ROCHESTER, Minn. — New research from Mayo Clinic has shown that monoclonal antibody therapies for COVID-19 are safe and effective in a population that arguably needs them the most: those who have less protection from vaccination and who are at increased risk of poor outcomes from COVID-19 due to having received solid organ transplantation in their past.
The study, published Thursday, June 10, in the journal Open Forum Infectious Disease describes the care of 73 solid organ transplant recipients patients given either the monoclonal antibody bamlanivimab made by Eli Lilly, or casirivimab-imdevimab combination marketed by Regeneron.
"Monoclonal antibody therapy is really important for the transplant population because they are less likely to develop their own immunity," Mayo Clinic infectious diseases specialist and senior author Dr. Raymund Razonable said in a statement.
Among the study's findings, though transplant recipients historically have elevated risk of poor outcomes with COVID-19, none of the patients treated died, required mechanical ventilation or experienced organ rejection. Only one of the patients needed to be admitted to the ICU.
Monoclonal antibody therapy for COVID-19 is one of a handful of treatments whose efficacy against the virus is well-established. The treatments are lab-engineered proteins designed to mimic natural antibodies targeting the spike proteins on SARS-CoV2.
Since being given an Emergency Use Authorization in November 2020, the infusions are used for newly diagnosed COVID-19 patients with elevated risk factors for poor outcomes.
Early treatment is critical, however, with patients receiving the infusions at dedicated COVID-19 monoclonal antibody treatment centers.

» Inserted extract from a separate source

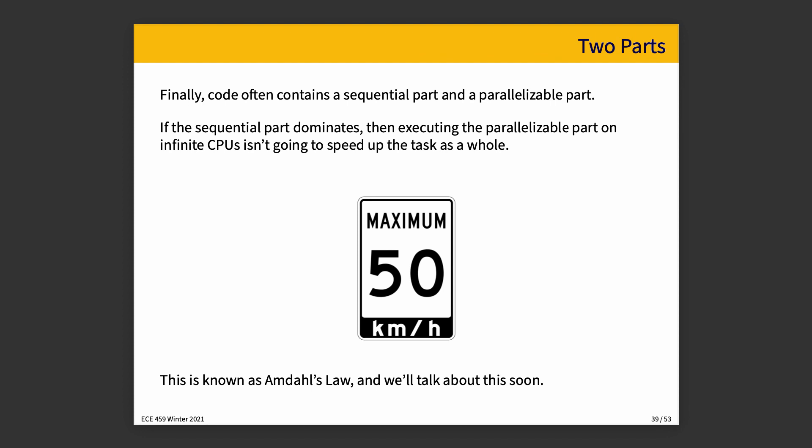Broadly speaking, code contains a part that is sequential and a part that is parallelizable. There will be segments that must be done in specific sequential order, and other things that could potentially be done in parallel. If the sequential part dominates — if it's where all of your time is going — then executing the parallelizable part on many CPUs, even an infinite number, won't speed things up very much. We will ultimately be limited by how much is sequential. The formulation that describes the rules and limits the maximum speedup is called Amdahl's law, and we will talk about this soon.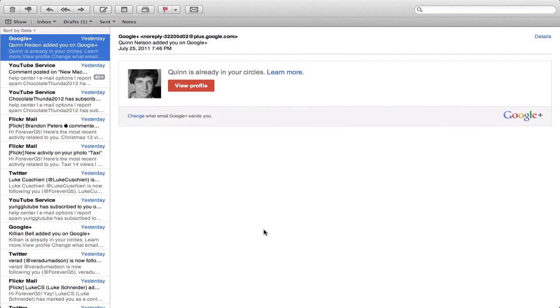You can see here that this is the mail application that I have. It is a full screen app in a space. This here is Quinn, that snazzy iPhone guy on YouTube. You may know him. But yeah, here are some of my emails.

With the success of vaccination in reducing new case counts to levels not seen since the start of the pandemic, monoclonal antibody therapy for COVID-19 is increasingly of interest to those who cannot produce the needed antibodies in response to vaccination.

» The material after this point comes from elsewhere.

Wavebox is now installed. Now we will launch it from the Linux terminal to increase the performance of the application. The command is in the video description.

Research shows organ transplant recipients, who take anti-rejection drugs that inhibit their immune response, have only a 65% likelihood of developing immunity following COVID-19 vaccination, compared to 95% effectiveness for others.
"Vaccination is an option for immunocompromised, but they might not respond as well," Razonable said. "If they develop COVID-19 we (now) know this is going to be an option for them."
Further clouding the picture, concerns had existed that giving transplant recipients a therapy that initiates an immune response could increase the risk of organ rejection, as their body fights the donor organ along with spike protein.
"One of the concerns was that this is an antibody that promotes rejection," Razonable said. "While that was of concern, we did not see that."
Because organ recipients were not included in the studies that helped the therapies gain approval, it was not known if they could safely take the therapies. Researchers charted the outcomes in recipients of kidneys, livers, lungs, hearts and pancreas.
The patients had been five years out from the date of their transplant on average. All infusions were given at dedicated COVID-19 monoclonal antibody transfusion centers operated by Mayo Clinic.
The study was limited in that it was an observational case review which did not study a control population of transplant recipients who did not receive the therapies. Future research will look at the effectiveness of COVID-19 monoclonal antibody therapy in other immunocompromised populations, Razonable said.